Ensuring the safety and efficacy of medicines doesn’t stop when the drug is approved by regulators and distributed to the public. Inefficient manufacturing practices, GMP violations, negligence by ingredients or service suppliers, and other complex issues can all have an impact on the safety of a drug product. Both industry and regulators have a continued responsibility to ensure the safety of patients.

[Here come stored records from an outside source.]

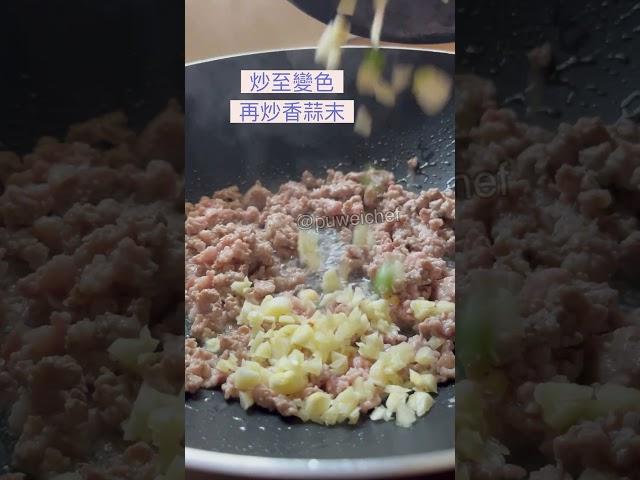 【簡易燒豆腐】有時做菜利用現成調味包，可以快速省時，調味不麻煩也能吃得美味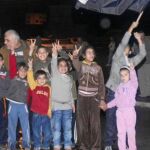 Palestinos celebran la salida de Mubarak ayer, en Gaza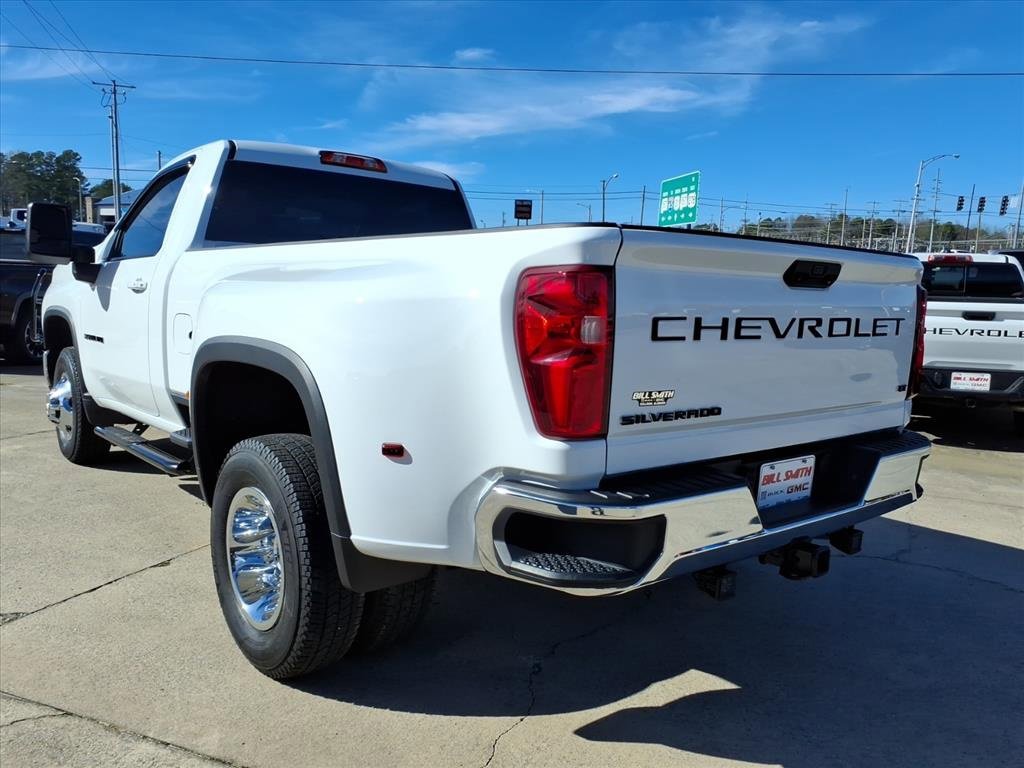 Used 2025 Chevrolet Silverado 3500 LT image 5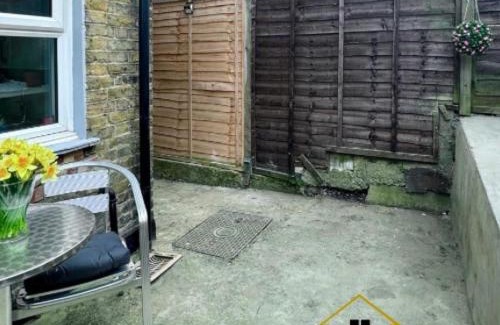 West Norwood Apartamento | 2BR House,SE27, Parking,Garden,near West Norwood Station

One aspect of pharma’s part of this responsibility is keeping regulators informed of any adverse events associated with a drug product. An FDA spokesperson states that pharmaceutical companies that “market prescription and nonprescription drug and biological products in the US must review all adverse event information they obtain or otherwise receive from any source, and report adverse events to the FDA’s Center for Drug Evaluation and Research as described under the regulation or section of the Food, Drug, and Cosmetic Act that is applicable to the type of product they market.”

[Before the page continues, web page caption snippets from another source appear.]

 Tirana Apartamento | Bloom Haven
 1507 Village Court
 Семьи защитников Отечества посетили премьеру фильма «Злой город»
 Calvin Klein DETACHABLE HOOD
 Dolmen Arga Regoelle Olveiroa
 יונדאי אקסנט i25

“Adverse event reporting is a serious matter and should not be taken lightly,” says Schniepp. A well-managed and properly staffed pharmacovigilance unit is key, according to Moreton. “[The unit should have] clearly defined responsibilities and report in to the senior management (not sales and marketing),” says Moreton.
“Companies should report adverse events within the deadlines established by the regulatory authorities. When in doubt, it is better to be conservative and report by the earlier of multiple deadlines. Providing complete and accurate information is important as is maintaining complete and accurate records. It is best to initiate the process for adverse event reporting as soon as the company becomes aware of it to prevent any delays in filing,” says Agrawal. Schniepp agrees, “The most common mistake is waiting too long to report the event. Many companies are tempted to wait until they have completed the investigation into the event before reporting its occurrence.”

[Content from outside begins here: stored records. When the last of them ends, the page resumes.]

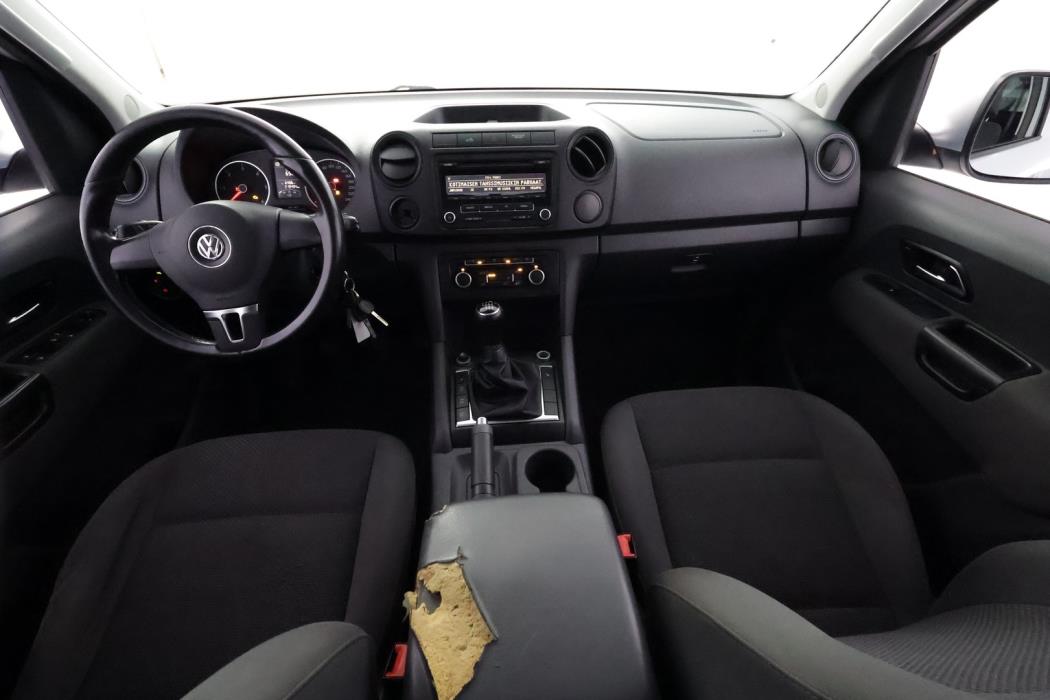 VOLKSWAGEN Amarok 2012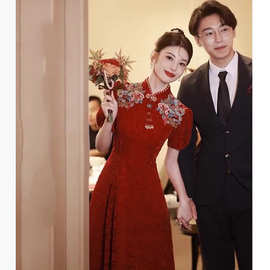 新中式旗袍敬酒服2026新款新娘酒红色小个子刺绣订婚礼服裙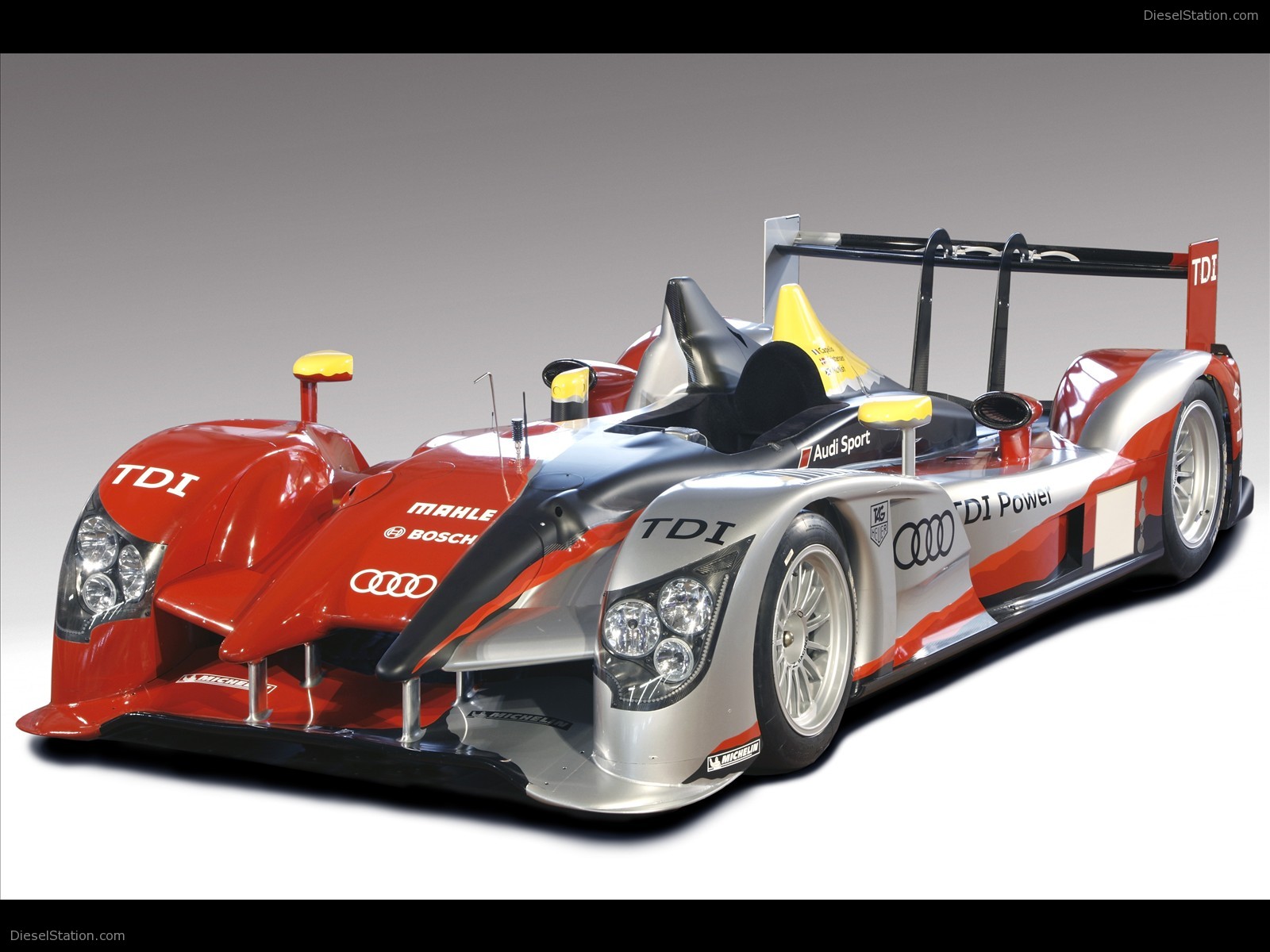 Audi R15 TDI 2010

FDA is clear on adverse event reporting. “These entities must ensure that the adverse event reports they submit to FDA are transmitted in an electronic format the FDA can process, review, and archive. In addition, these entities must have written procedures for the surveillance, receipt, evaluation, and reporting of postmarketing adverse event to FDA as well keep records of all known adverse event information,” states an FDA spokesperson.
Regulatory agencies should be used as a tool to help manufacturers develop and market their products and that regulators and their regulations should not be feared or avoided. Being mindful of regulatory requirements before and during development will make the regulatory approval process smoother, and maintaining GMPs and having well-trained personnel will ease the stress of regulatory inspections.
It is clear that both industry and regulators have the same ultimate goal: provide safe and effective treatments to people who need them. Understanding and nurturing the industry-regulator relationship fosters innovation and ensures patient safety worldwide.
Vol. 40, No. 12
When referring to this article, please cite it as S. Haigney, "Nurturing the Relationship Between Industry and Regulators," Pharmaceutical Technology 40 (12) December 2016.